Traditional Irish Music
Hey Flute Players,
I want to get my first Irish flute and I need some guidance as to where and what type of Irish flute I should get. I've played tin whistle for about 2 years and classical flute for 7 years --so I think I'm kind of familiar with how to play those.
I was thinking of getting a delrin plastic flute.
Good thinking IMO. I have a Delrin short foot Pratten by Rob Forbes that is brilliant, i have heard good reviews on Copley and Garry Somers Delrin flutes as well.
I have been playing for about 20 years. My advice is that with simple-system flutes, as with other instruments, you get what you pay for. If you want an instrument that will enable you to add value in a good session, then my advice is to avoid lightweight materials like the various forms of plastic and to go for a "real" instrument made from at least African blackwood or, if you can afford it or get it, cocus wood.
If you want to go for a vintage 19th c. instrument, then you need to know what you are doing, or else enlist the help of someone who does. The really good makes (Fentum, Prowse, Boosey, Rudall & Rose, Liddle....) generally attract a premium due to their collector's value. Avoid 19th c. German flutes - they are all rubbish. Get a London-made instrument.
As for modern wooden instruments, I own a Sam Murray in Eb (3 keys) and a Stephane Morvan in D (6 keys). IMO, they are the top men and those flutes will do me for the rest of my life and probably become heirlooms thereafter. I have personal experience of flutes by Eamonn Cotter and he is another top man, IMO. Americans swear by Olwell but when I heard one being played it seemed to be very powerful but somewhat lacking in character - but it could be that it wasn't being played well. Likewise for Martin Doyle. Hamilton flutes have a reputation for variable quality, presumably due to subcontracting their manufacture. I know a man who had to have the holes plugged and re-drilled in different locations on his Hamilton flute. But there are some excellent Hamiltons around, I am told. The flutes of Gilles Lehart have an excellent reputation.
But as for good makers, you will get as many opinions as there are people on this group. Few people will admit they bought a dud. Also, some players are relatively inexperienced and think their flute is great because they never owned a really good one. (I expect that comment will win me few friends :-) ).
My advice is to avoid keyless and get a flute with at least the short Fnat and the long Cnat keys. They are very useful. I flick the long Cnat key during rolls on the upper notes, as I have great difficulty in doing rolls entirely on my left hand. The lack of dexterity on my left hand got worse after a recent cardiac operation, which is a bummer as I am left-handed!
You often see good flutes being offered for sale on Chiff and Fipple ( I recently sold my Rudall and Rose there) and you have the benefit of advice from real experts on that website. Expect to pay at least £2000 for a good, keyed model.
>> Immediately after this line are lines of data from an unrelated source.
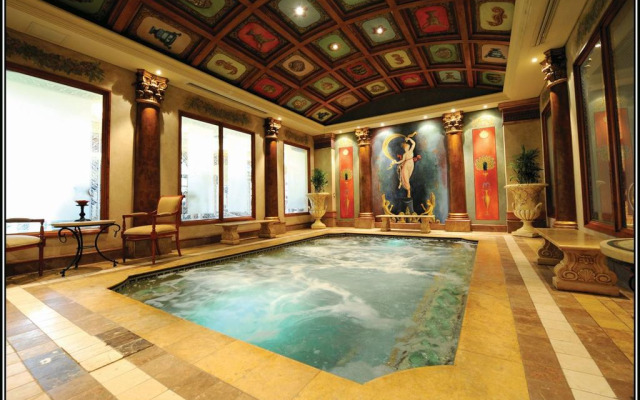 Peermont Metcourt Suites at Emperors Palace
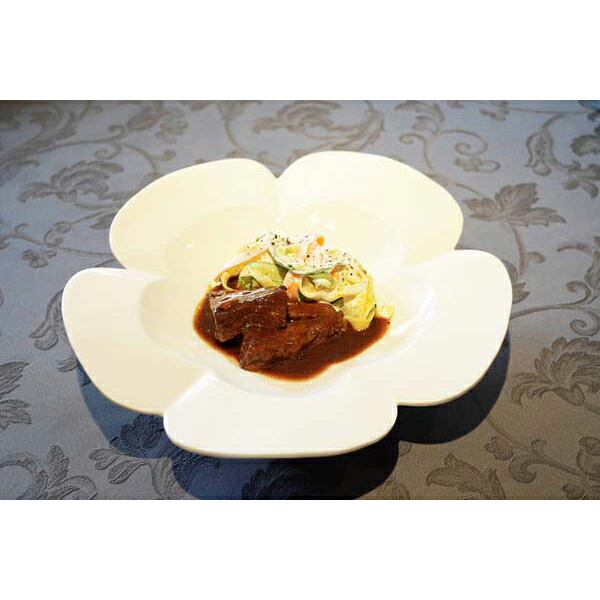 内祝い お返し 出産 メッセージカード 無料 東京 御室 黒毛和牛 ビーフシチュー 赤ワイン風味 デミグラスソース 惣菜 贈り物 出産祝い お礼 結婚 入学 新築 快気 祝い 香典返し お祝い返し 送料無料 8000円 (SK)軽 初節句 入学祝い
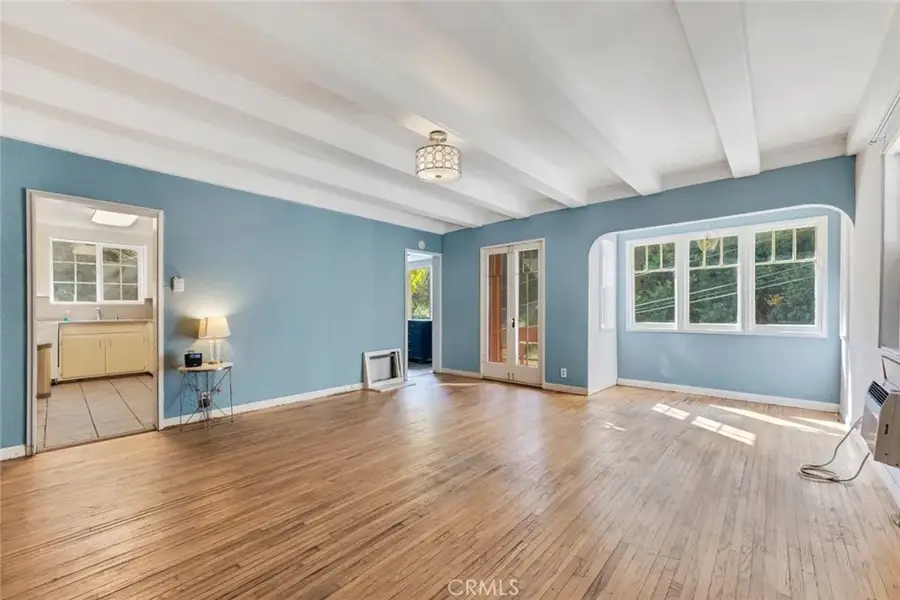 1450 Country Club Drive, Burbank, CA 91501 - Image #2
I payed Euro2600 for my Stephane Morvan but only £600 (some years ago) for my Sam Murray - both being bought on the second-hand market. Expect to go on a long waiting list if you want a new example from a top maker
I'm afraid I disagree with Mike... If you're just "testing the Irish flute waters", I would highly recommend a Copley keyless in delrin. Mine plays as good as any of the keyless wood flutes I've owned. Once you find out that you love it (you will), you can go for something a little more sophisticated. There is no need to get rid of your delrin one after you get your "good" one, however! It's always available for a quick toot (I leave mine assembled most of the time) and it is perfect for those not-so-wood-friendly venues (like camping, traveling, etc). It's also my backup flute - in fact it was a lifesaver last summer when my headliner came unglued (my fault - it got WAY to hot!)
Thanks for the responses! I was thinking of getting a keyless flute, since I am "testing the waters" exactly and don't want to spit out lots of money on it.
I don't really agree with the 'need' for keyes, or that anything less than a antique Rudall or top maker keyed flute is just stopgap measures.. As far as i know Frankie Gavin still prefer his unkeyed Bruce Dú Vé flute, Marcus Hernon play unkeyed flute etc.
Also, if you listen to this: http://forbesflutes.com/files/LimerickLasses.mov
I don't think you can honestly say it sounds like sh*te.. Ok, a 1840 Rudall (or a 2011 Murray for that matter) might have more complex tone, but again - a Delrin flute will serve for years and years before you outgrow it.
Murrough O'Kane had my Forbes on loan for a while and he was impressed, and liked it!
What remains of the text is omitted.